• **Task requirements**: Report all lines from the entries below in which "Preview" appears.

>>>

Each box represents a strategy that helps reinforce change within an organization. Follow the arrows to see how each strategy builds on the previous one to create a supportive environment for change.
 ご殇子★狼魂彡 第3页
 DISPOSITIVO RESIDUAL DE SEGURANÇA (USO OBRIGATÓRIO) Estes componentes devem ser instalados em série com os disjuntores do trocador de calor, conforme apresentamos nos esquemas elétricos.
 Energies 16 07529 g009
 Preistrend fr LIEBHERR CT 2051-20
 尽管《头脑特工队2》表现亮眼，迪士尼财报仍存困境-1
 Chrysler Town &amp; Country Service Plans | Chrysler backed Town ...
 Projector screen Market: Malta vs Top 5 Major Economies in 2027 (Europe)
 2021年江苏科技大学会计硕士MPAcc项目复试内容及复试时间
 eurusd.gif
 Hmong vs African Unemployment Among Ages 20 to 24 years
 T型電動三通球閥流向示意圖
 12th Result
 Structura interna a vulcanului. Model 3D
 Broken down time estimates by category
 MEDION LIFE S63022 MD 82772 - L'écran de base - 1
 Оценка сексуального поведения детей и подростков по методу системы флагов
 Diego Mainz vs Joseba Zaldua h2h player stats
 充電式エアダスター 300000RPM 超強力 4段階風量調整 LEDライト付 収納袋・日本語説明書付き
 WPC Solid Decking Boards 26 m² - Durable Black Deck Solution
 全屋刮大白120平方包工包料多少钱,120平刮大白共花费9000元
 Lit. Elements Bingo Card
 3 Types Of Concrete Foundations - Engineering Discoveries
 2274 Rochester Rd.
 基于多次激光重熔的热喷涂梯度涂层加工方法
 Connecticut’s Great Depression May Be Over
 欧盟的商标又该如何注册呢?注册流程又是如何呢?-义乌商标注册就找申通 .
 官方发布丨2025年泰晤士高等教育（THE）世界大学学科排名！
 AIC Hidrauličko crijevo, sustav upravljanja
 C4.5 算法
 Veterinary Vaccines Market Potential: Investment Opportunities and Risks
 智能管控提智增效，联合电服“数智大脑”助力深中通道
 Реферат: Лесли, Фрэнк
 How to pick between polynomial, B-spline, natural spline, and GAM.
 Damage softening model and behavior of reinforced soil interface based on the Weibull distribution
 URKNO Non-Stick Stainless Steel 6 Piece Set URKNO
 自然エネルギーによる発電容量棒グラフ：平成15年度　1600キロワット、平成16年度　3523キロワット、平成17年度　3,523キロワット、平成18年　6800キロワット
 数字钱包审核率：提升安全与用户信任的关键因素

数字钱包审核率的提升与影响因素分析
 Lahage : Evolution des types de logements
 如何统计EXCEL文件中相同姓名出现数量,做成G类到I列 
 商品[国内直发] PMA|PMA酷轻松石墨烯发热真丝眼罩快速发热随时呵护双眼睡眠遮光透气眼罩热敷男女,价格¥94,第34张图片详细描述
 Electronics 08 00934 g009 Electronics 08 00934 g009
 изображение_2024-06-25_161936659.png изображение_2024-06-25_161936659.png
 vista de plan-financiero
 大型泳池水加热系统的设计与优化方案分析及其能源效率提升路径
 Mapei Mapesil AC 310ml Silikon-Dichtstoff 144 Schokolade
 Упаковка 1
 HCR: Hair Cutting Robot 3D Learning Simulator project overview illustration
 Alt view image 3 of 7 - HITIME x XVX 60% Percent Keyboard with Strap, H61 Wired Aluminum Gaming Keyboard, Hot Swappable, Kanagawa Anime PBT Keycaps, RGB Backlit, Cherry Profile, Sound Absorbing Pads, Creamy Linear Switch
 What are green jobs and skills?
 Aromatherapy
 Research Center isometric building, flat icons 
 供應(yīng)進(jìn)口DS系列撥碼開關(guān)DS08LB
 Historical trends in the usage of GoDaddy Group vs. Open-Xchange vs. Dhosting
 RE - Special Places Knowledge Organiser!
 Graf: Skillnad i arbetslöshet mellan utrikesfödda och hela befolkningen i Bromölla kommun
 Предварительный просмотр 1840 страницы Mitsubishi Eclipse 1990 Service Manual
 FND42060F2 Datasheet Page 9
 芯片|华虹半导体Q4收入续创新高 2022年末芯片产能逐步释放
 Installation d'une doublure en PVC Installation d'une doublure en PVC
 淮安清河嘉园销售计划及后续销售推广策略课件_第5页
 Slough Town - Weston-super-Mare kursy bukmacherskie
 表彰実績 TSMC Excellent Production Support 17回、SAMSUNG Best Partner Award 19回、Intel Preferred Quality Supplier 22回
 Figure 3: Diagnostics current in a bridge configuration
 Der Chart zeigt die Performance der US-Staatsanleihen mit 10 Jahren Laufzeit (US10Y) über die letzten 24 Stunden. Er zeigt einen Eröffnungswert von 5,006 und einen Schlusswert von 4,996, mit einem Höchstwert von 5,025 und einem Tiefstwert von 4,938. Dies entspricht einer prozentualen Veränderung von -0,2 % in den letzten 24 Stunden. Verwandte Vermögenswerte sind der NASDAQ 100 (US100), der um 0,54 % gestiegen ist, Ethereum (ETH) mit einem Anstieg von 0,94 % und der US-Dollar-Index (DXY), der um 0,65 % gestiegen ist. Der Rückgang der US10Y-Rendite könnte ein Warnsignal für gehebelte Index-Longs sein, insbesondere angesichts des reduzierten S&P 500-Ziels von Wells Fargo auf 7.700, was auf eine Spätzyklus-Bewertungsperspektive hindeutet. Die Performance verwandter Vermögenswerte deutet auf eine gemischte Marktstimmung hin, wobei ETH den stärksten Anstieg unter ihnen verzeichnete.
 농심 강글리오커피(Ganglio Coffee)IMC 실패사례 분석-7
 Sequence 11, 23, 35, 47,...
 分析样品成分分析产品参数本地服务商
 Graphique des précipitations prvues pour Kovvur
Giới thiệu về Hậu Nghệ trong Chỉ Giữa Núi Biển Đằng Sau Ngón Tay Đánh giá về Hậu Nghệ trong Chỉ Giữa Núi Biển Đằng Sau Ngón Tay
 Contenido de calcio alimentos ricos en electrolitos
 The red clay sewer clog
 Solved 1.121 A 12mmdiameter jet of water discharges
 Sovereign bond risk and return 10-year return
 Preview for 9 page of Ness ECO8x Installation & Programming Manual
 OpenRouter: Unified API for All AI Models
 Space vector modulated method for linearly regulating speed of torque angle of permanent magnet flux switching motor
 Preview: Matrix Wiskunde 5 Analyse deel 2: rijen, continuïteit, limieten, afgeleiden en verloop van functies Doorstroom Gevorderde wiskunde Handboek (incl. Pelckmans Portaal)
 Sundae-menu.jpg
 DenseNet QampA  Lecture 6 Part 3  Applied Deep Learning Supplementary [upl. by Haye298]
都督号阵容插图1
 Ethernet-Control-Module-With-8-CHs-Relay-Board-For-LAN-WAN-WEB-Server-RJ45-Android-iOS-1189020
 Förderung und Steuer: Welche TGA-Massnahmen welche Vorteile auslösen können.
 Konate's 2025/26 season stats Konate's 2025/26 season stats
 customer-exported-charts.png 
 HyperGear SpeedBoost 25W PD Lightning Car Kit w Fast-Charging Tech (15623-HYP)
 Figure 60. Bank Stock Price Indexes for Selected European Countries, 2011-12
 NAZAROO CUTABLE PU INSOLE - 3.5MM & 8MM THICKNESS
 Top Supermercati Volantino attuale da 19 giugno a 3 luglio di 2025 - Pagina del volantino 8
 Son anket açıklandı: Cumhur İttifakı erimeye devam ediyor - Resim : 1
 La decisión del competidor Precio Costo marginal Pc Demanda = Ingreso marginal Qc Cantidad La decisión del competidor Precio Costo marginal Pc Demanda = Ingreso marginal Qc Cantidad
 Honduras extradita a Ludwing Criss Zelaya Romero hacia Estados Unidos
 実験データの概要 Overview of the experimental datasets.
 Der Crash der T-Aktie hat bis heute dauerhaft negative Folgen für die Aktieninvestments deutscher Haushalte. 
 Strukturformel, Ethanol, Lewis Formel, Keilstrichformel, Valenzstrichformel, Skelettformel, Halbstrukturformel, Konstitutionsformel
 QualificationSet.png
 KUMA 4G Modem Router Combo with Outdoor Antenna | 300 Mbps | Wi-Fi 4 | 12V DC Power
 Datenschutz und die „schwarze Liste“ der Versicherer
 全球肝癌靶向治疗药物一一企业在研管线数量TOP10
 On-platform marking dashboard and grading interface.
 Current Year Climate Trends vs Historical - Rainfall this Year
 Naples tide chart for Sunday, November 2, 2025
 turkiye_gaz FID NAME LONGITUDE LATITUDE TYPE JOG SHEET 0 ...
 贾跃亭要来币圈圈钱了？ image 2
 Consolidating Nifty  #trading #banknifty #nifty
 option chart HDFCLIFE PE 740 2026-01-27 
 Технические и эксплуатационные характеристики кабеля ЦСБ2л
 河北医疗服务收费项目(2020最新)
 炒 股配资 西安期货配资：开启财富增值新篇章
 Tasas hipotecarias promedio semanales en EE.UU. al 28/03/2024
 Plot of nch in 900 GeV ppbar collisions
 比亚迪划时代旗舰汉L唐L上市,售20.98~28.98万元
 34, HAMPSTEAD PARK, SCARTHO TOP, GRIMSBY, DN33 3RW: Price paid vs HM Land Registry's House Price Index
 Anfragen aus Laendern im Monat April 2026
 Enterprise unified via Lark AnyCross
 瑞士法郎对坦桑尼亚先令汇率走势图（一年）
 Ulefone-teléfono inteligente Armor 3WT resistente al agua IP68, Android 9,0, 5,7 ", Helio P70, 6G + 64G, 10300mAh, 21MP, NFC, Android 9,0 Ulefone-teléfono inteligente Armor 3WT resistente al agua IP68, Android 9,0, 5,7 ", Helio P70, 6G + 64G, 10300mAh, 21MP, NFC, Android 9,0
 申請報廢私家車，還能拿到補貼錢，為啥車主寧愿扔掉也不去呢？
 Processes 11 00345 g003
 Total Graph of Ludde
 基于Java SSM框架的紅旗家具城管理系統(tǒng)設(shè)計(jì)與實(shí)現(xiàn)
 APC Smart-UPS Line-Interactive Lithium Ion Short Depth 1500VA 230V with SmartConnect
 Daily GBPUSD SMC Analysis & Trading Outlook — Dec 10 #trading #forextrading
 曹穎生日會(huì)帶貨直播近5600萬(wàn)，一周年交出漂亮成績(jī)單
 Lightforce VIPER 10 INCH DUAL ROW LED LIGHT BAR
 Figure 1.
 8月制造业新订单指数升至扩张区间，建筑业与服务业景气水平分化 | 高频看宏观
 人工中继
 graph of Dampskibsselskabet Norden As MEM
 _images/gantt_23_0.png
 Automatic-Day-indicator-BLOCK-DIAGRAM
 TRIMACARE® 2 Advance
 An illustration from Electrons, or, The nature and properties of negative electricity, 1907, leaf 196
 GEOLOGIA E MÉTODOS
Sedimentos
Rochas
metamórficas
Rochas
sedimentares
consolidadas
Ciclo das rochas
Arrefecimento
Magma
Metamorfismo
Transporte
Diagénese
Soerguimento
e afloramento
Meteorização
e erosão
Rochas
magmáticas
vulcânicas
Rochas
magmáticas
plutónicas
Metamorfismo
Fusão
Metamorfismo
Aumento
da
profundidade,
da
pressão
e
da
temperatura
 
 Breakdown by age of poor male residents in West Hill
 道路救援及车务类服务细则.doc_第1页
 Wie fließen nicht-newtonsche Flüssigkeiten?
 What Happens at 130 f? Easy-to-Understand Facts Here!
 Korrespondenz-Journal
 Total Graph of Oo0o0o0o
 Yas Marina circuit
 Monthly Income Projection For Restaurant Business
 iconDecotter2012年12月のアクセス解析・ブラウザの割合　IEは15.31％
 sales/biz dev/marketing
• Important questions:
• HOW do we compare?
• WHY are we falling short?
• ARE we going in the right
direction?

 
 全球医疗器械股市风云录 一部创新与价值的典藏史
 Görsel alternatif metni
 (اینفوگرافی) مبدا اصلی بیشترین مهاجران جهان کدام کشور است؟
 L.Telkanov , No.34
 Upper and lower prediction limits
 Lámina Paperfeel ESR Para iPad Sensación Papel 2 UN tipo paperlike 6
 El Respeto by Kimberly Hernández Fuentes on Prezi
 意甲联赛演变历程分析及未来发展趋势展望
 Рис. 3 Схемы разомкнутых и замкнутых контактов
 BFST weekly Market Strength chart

<<<

• **Completed exercise**:
 Preview for 9 page of Ness ECO8x Installation & Programming Manual
 Preview: Matrix Wiskunde 5 Analyse deel 2: rijen, continuïteit, limieten, afgeleiden en verloop van functies Doorstroom Gevorderde wiskunde Handboek (incl. Pelckmans Portaal)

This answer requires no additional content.